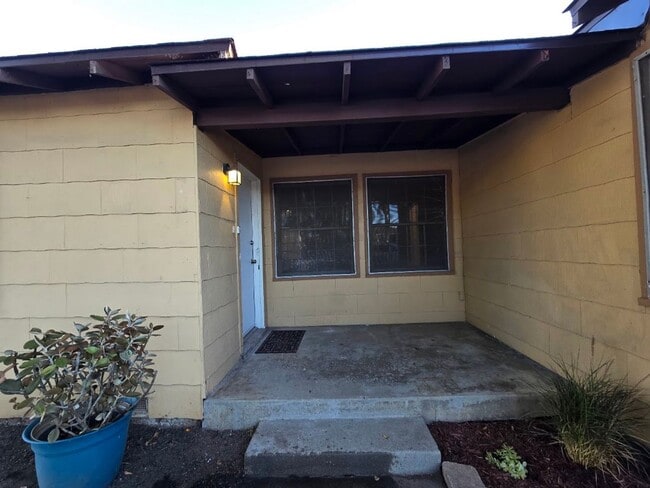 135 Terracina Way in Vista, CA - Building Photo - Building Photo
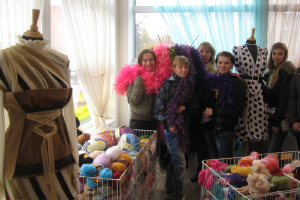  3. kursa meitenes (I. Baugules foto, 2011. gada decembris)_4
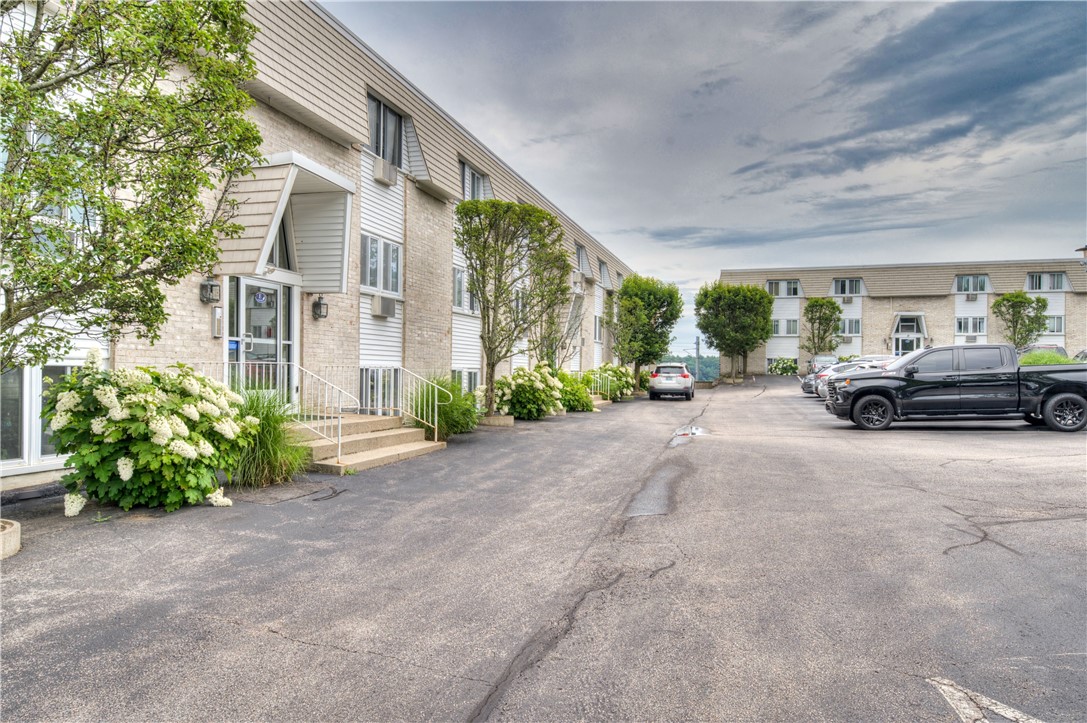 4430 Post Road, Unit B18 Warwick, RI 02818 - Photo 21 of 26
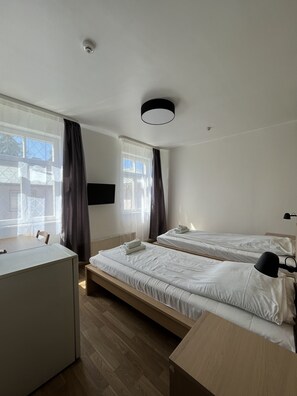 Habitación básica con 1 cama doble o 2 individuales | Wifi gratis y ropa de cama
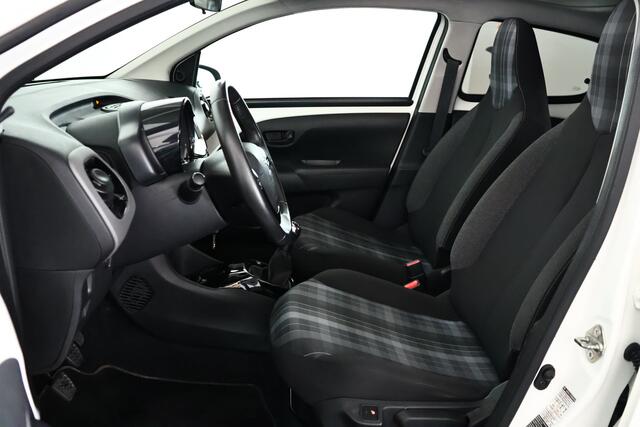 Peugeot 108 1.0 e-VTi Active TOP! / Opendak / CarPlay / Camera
* * *
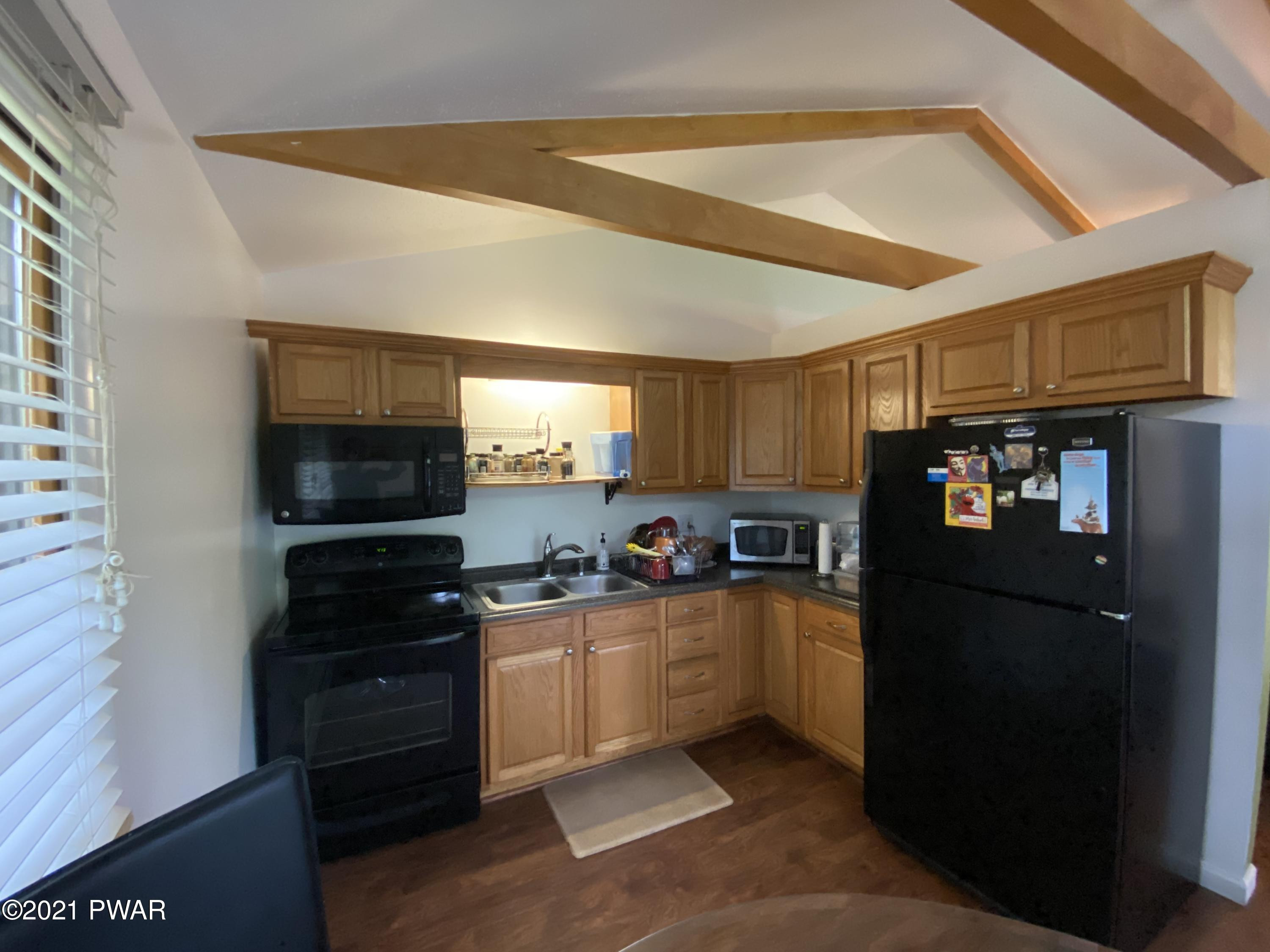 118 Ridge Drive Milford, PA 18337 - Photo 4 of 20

Exercise prompt:
Working from the entries above, please transcribe only the lines from the line with "3. kursa meitenes" through the line with "Peugeot 108 1.0", exactly, with both end lines and without pictures.

Answer area:
  3. kursa meitenes (I. Baugules foto, 2011. gada decembris)_4
 4430 Post Road, Unit B18 Warwick, RI 02818 - Photo 21 of 26
 Habitación básica con 1 cama doble o 2 individuales | Wifi gratis y ropa de cama
 Peugeot 108 1.0 e-VTi Active TOP! / Opendak / CarPlay / Camera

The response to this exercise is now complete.